Question

The potential of hydrogen electrode having a solution of $pH = 4$ at $298K$ is,
A)$- 0.177V$
B) $- 0.236V$
C) $0.177V$
D) $0.236V$

Answer 1

We know the Hermann Nernst equation is commonly accustomed to calculate the cell potential of a chemical science cell at any given temperature, pressure, and chemical concentration.
${E_{cell}} = {E_0}-\left[ {RT/nF} \right]lnQ$
Where,
${E_{cell}}$ = cell potential of the cell
The cell potential below customary conditions is ${E_0}$
R is the universal gas constant
T is temperature
n is amount of electrons transferred within the chemical reaction
Q is the reaction quotient

Complete answer:
We can calculate the $[H^+]$ by using the formula, $pH = - \log \left[ {{H^ + }} \right]$
Given,
$pH = 4$
Thus, $\Rightarrow \left[ {{H^ + }} \right] = {10^{ - 4}}$
The reaction which occurs at electrode is,
${H^ + } + {e^ - } \to \dfrac{1}{2}{H_2}$
Where,
${E_{cell}}$=0, n=1 and [H2]=1 atm
${E_{cell}} = {\text{ - }}\dfrac{{0.059}}{1}\log \dfrac{{\left[ {{H_2}} \right]}}{{\left[ {{H^ + }} \right]}}$
Now we can substitute the known values we get,
$\Rightarrow {E_{cell}} = {\text{ - }}\dfrac{{0.059}}{1}\log \dfrac{1}{{{{10}^{ - 4}}}}$
${E_{cell}} = {\text{ - 0}}{\text{.059}}\left( { - \log {{10}^{ - 4}}} \right)$
On simplifying we get,
$\Rightarrow {E_{cell}} = {\text{0}}{\text{.059}}\left( { - 4} \right) = - 0.236V$
Thus the correct option is B.

Note: We can see the limitations of Nernst Equation:
The activity of an ion in an exceedingly} very dilute solution is on the point of eternity and can, therefore, be expressed in terms of the ion concentration. However, for solutions having very high concentrations, the ion concentration isn't up to the particle activity.

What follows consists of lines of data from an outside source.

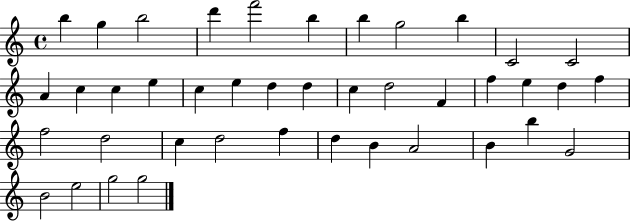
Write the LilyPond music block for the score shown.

{
  \clef treble
  \time 4/4
  \defaultTimeSignature
  \key c \major
  b''4 g''4 b''2 | d'''4 f'''2 b''4 | b''4 g''2 b''4 | c'2 c'2 | \break a'4 c''4 c''4 e''4 | c''4 e''4 d''4 d''4 | c''4 d''2 f'4 | f''4 e''4 d''4 f''4 | \break f''2 d''2 | c''4 d''2 f''4 | d''4 b'4 a'2 | b'4 b''4 g'2 | \break b'2 e''2 | g''2 g''2 | \bar "|."
}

So as to use the Nernst equation in such cases, experimental livements should be conducted to get actuality activity of the ion. Another defect of this equation is that it can't be accustomed to measure cell potential once there's current flowing through the electrode. This can be as a result of the flow of current that affects the activity of the ions on the surface of the electrode. Also, further factors adore resistive loss and over potential must be thought-about when there is a current flowing through the electrode.